雷蔵が心を許した友人というのはそれほど多くはない。日ごろはまるで銀行員のような服装で街を歩くから、雷蔵と気づく者はいない。雷蔵の友人たちにとって、そういう飾らぬ雷蔵こそ、真の雷蔵ということになるが、それでもその心情までは深くはうかがいしることができなかった。
雷蔵が映画スターとして一定の地位をきずいたとき、生母が撮影所に訪ねてきたことがある。雷蔵は生母に会わなかった。そして心を許した人物に
「あの人は太田吉哉に会いにきたのではなく、市川雷蔵に会いにきた・・・」
といった。雷蔵の出自には、複雑な事情があったらしく、雷蔵はそのことをあまり他人に語っていない。直木賞作家の星川清司は、大映の脚本家であった。東京にいて主に現代劇をかいていた。その星川に、大映の京都撮影所から突然呼びだしがかかったのは、昭和三十七年夏のことである。京都にでかけると、企画部長の土井逸雄から『新選組始末記』のシナリオを書いてみろといわれた。当時、東京にいて現代劇のシナリオを書いている者が京都に呼び出されることはなかった。星川は第一号だったのである。下鴨にある川口松太郎邸に泊まりこんで書きこんだ。近藤勇を主人公にするのではなく、脇役に据えるストーリーにしあげた。うるさ型の三隅研次もこれを気にいった。

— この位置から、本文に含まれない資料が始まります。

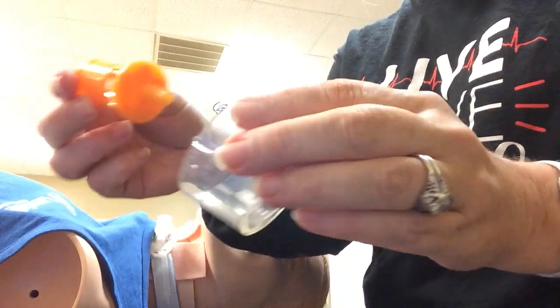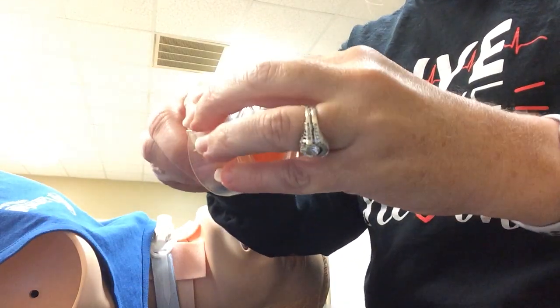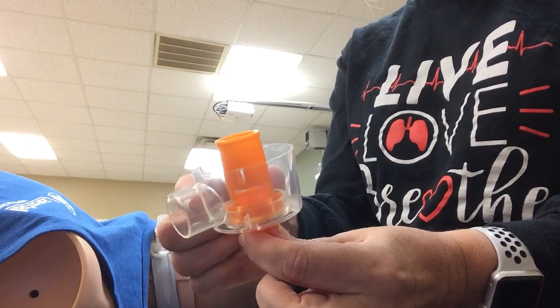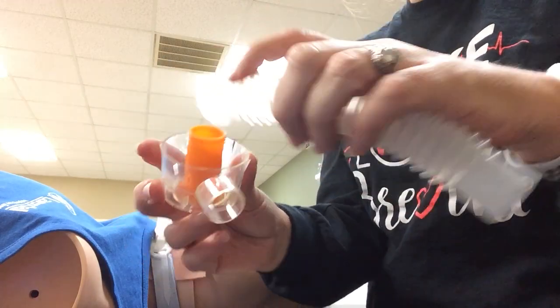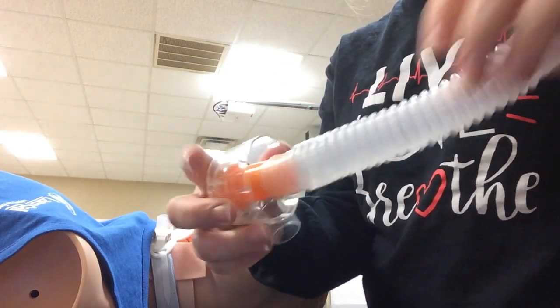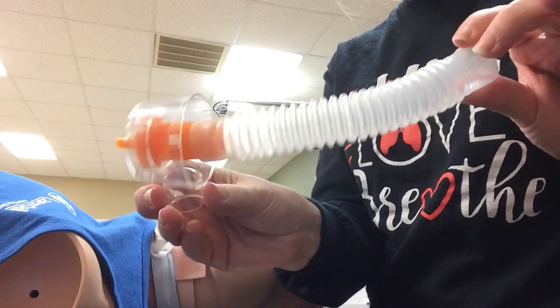The venturi part is going to go in the aerosol collar like this. Remember, it protects the air entrainment port, so it's going to fit in just like this. Your piece of clear tubing is going to go right on top like that.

B級の異色作にしあげようというのが、プロデューサーの辻久一や三隅の考えだった。
(シナリオ64年5月号より)
ところが事態は妙な具合になった。この台本が所長室にあったのを、ふらりとはいってきた雷蔵が一気に読んでしまった。これは気にいった。と雷蔵はいい、すぐに飛行機でとんで行き、永田のもとを尋ねて、「この台本を自分にやらせてほしい」と直訴したのである。
「おまえがやりたければやるがいい」
と永田もすぐにうなずいた。社長と看板スターというだけの関係ではなく、永田と雷蔵には人間的に妙にウマがあうところがあった。雷蔵は、永田の果敢な行動力に評価を与えていてこの挙にでたのである。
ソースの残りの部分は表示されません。